How Do I Love Thee? Let Me Plagiarize the Ways...

by Tom Congalton

Tuesday, Mar 04, 2008

Plagiarize. To steal or purloin and pass off as one's own (ideas, writings, etc., of another). - Webster's New Collegiate Dictionary (1956 edition)

Well maybe plagiarize is too strong a term. Borrow? Appropriate?

If one were to read the proprietary discussion group of the members of the Antiquarian Booksellers of Association of America (ABAA), plagiarization would be one of the most avidly discussed topics, ranking right behind (in order of frequency): conspiracy theories, cocktail recipes, personal digestive issues, and the advisability, or lack thereof, of impeaching the current American presidential administration.

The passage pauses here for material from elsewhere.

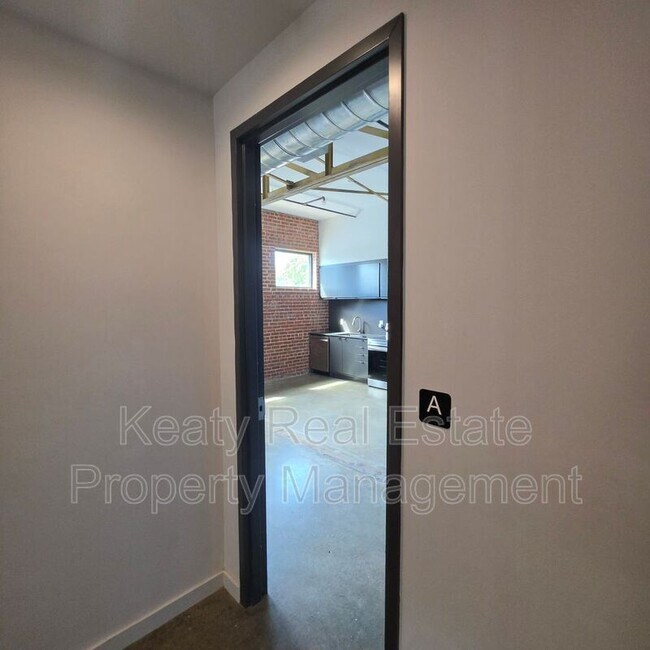 Building Photo - 136 E Cypress St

At any rate, little is more likely to rouse the ire of an ABAA member, or other professional booksellers, as it is to discover that another bookseller has appropriated a substantial portion of one's own magisterially composed book descriptions, and presented it as their own on a public forum, usually on an online listing site or eBay.

Professional booksellers have always been aware of, and willing to borrow from the scholarship of their fellows. Indeed in the mid-19th century, a judge found for the author and bookseller James Camden Hotten when he sought an injunction against another bookseller, Thomas Arthur, from copying his catalogue descriptions. Now however, the prevalence of information provided by the Internet has provided ample temptation to the harried bookseller to "autofill" information that he or she might not have discovered through his or her own diligence and research.

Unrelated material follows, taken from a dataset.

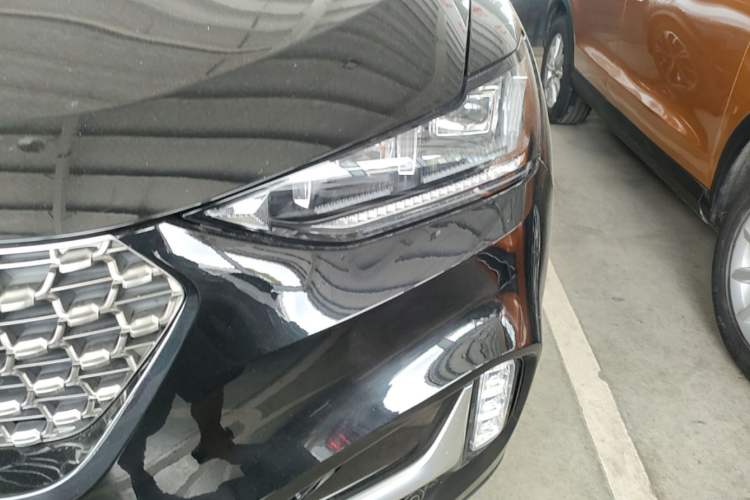 Used Wey VV6 2021 2.0T Two-Wheel Drive Smart Protection+ Left Front Headlight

Booksellers apparently aren't alone. An article in the March 2007 issue of the Maine Antiques Digest, "Who Owns the Descriptions in Auction Catalogs?" by David Hewett explores a recent lawsuit brought by the Heritage Galleries auction house against another auction house, Superior Galleries, reputedly for copying lot descriptions to the letter.

If the varied responses of ABAA members to this behavior are typical, they run the gamut from righteous indignation, onwards to high dudgeon, and further beyond to threats of legal action, or the offer of the infliction of bodily harm.

A related phenomenon is the appropriation of bibliographic information. Who hasn't been tempted to cite bibliographic references that are invoked by reliable colleagues, but which come from references that one doesn't happen to have in one's own library, or which happen to be out of reach at the moment? My own bibliographic researches, never particularly profound, have suffered recently when we decided to move a substantial portion of my reference library to another room two floors above my office. One could argue, successfully, no doubt, that I needed the exercise, and indeed the spirit is willing, but the flesh, alas, is weak (if regrettably, also alas, abundant).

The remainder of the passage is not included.